Saturday Movie Madness! #2: John Milius' CONAN THE BARBARIAN



Is it safe to concede that Conan the Barbarian is one of the most "Manly-Men" Super-hero mythic figures in movies?  Arnold Schwarzenegger only appeared in this 1982 film, and its sequel (which, though unseen by me, is derided almost everywhere by critics and fans of Conan as an inferior follow-up).  But there is something about his appeal here that I can see.  Do I go for this kind of beefed-up kill-and-fuck-whatever's-in-my-way action hero?  Not always.  If the movie's directed by someone who knows what level of killing and fucking they want to go after, and the lead is dynamic enough, I'll be willing to go for the ride.  And let all ye who enter this early 80's bonanza of (near) senseless kills and (near) erotic-less sex know: this is John Milius as director, with a fiery young Oliver Stone as co-writer.  So as someone who wrote the Ride of the Valkyries attack in Apocalypse Now and made Red Dawn (a previous Saturday Movie Madness entry last month), you can imagine how he'd take to material about a man made of barbarism.



Plot?  Do you care really?  At the least it sounds better on paper than that of Conan the Destroyer.  Conan as a boy watches as his village is teared to shit by bandit-killers, led by James Earl Jones in a haircut similar to Uma Thurman's in Pulp Fiction.  He personally kills his mother, Conan is put in enslavement pushing a big goddamn wheel for twenty years, is freed, and seeks revenge in the process of rescuing the daughter of a King (Max von Sydow) who has been kidnapped by the now "Emptiness" cult-leader Jones.  Simple as that, you can see the blueprint for a lot of the action in your head if you've seen at least one or two of these fantasy epics where a character is faced with extraordinary challenges... That is, extraordinary for any of us out there. For Conan finding out that the hot piece of ass he's getting it on with is really a snake-cum-succubus isn't pleasant but pretty easy to put down.  Or, for that matter, being faced with a 40-foot snake that is like the 80's Muppet version of Anaconda.

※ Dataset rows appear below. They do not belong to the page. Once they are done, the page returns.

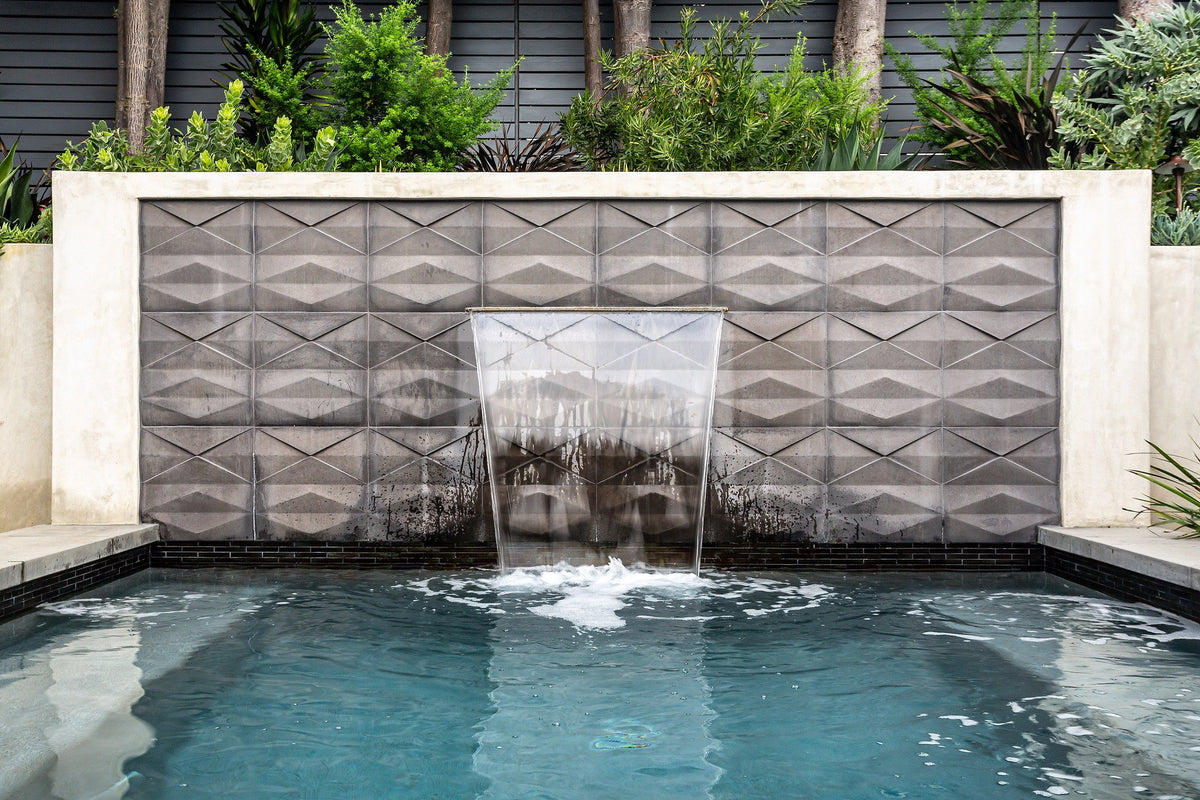 Waterfall over the Compton wall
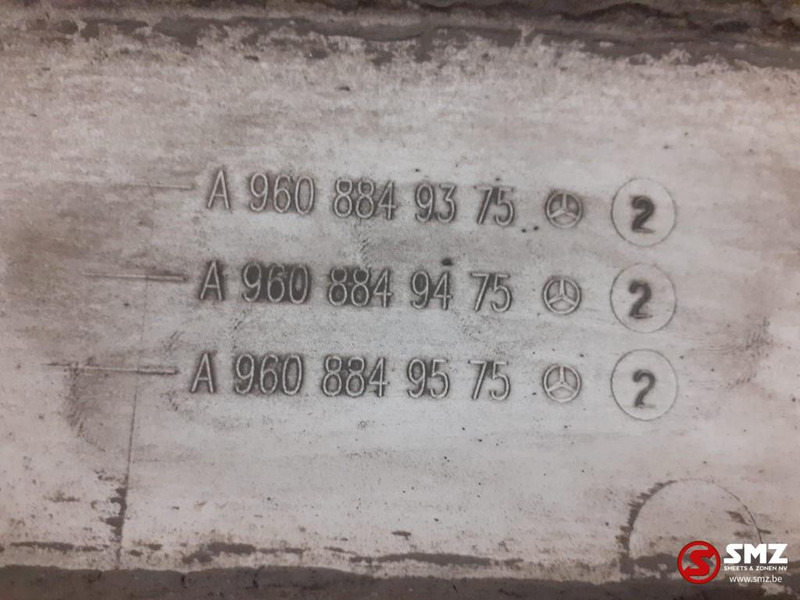 Mercedes-Benz Occ spatbordverlenging rechts Mercedes Actros MP4 - Carroceria e exterior para Camião: foto 2 Mercedes-Benz Occ spatbordverlenging rechts Mercedes Actros MP4 - Carroceria e exterior para Camião: foto 2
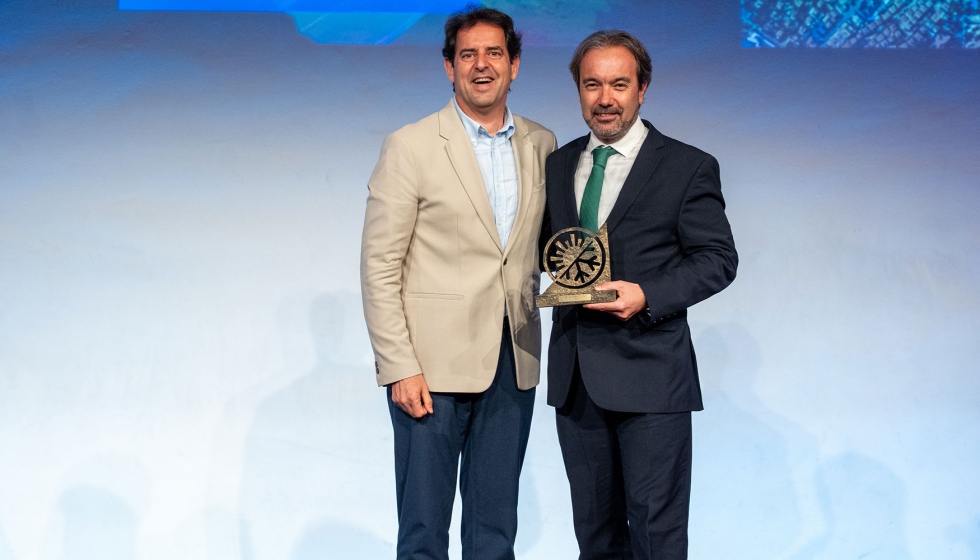 Javier Basterrechea Serrano-Conde, Product Manager de Toshiba-HVAC, entregó el premio a la Empresa Instaladora del Año que recogió David Muñoz... Javier Basterrechea Serrano-Conde, Product Manager de Toshiba-HVAC, entregó el premio a la Empresa Instaladora del Año que recogió David Muñoz...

Oh so much of this is campy.  That is, actually, when characters speak.  It's easy to tell that Milius and Stone, to their credit, are actually fans of the series of books and comics that had Conan and heroes like them, specifically those with the covers by the late Frank Frazetta.  You know the kind, like this one below:
















It's juicy and big and brawny and you might want to blast Iron Maiden just for the duration of the two minutes to midnight staring at the cover.  To be sure Robert E. Howard created the character in a slightly less HOLY SHIT HE'LL KILL US ALL pose, such as the one to your left.













The filmmakers, far from being hacks and coming out of being serious screenwriters for hire, take the material so seriously in the style comparable to George Lucas with Star Wars.  That is to note that the actors mean to say the dialog like it's not over-the-top.  I imagine that's what they went for for some of the time, and then other times one has to realize it's Arnold Schwarzenegger before his eloquent days given dialog (to respond to "What is best in life?"): "To crush your enemies, see them driven before you, and to hear the lamentation pf their women."  Jones and Sydow especially go into such ham that there's barely any pig left by the end of it.  Ho-Ho.

And yet I can't even begrudge them the scenery chewing.  Milius does get one thing right above all else, which is to let the images speak for themselves and to not let too much dialog in the way of the cinematography (not great but far from shoddy), and for the rousing, wanting-to-be-timeless musical score by Basil Poledouris, which ramps up most scenes with the kind of heightened emotion that makes up for some scenes being dead-air.  The scenery is extravagant in a fun way and the special effects, dated to be sure, are fun to take in just by how much the actors know they're silly and part of the heightened mythical feel.



Now for other good things here: Arnold himself, never letting anyone in the audience think Conan can't do the shit he does, which includes such things as when crucified taking a bite out of a vulture trying to peck at his pectorals.  And Mako, the fiery little Asian man who would later voice Uncle Iro in Avatar the Last Airbender, who gives the kind of narration that young boys will never for a moment not buy as being God from on high.  And the women... oh the women.  One may lose a peek or two at Conan smothering them over with his 19293829 pound muscles, but it still works to the intended effect.

So get out your swords and sorcery, get rid of that emptiness and find some worth to your life in kicking ass and becoming king, and enjoy some Conan the Barbarian.  It's a sublime mix of low-brow action and tits and high-brow aspirations for lust and glory by two guy-guys writing and directing the hell out of a movie that is very much of its time.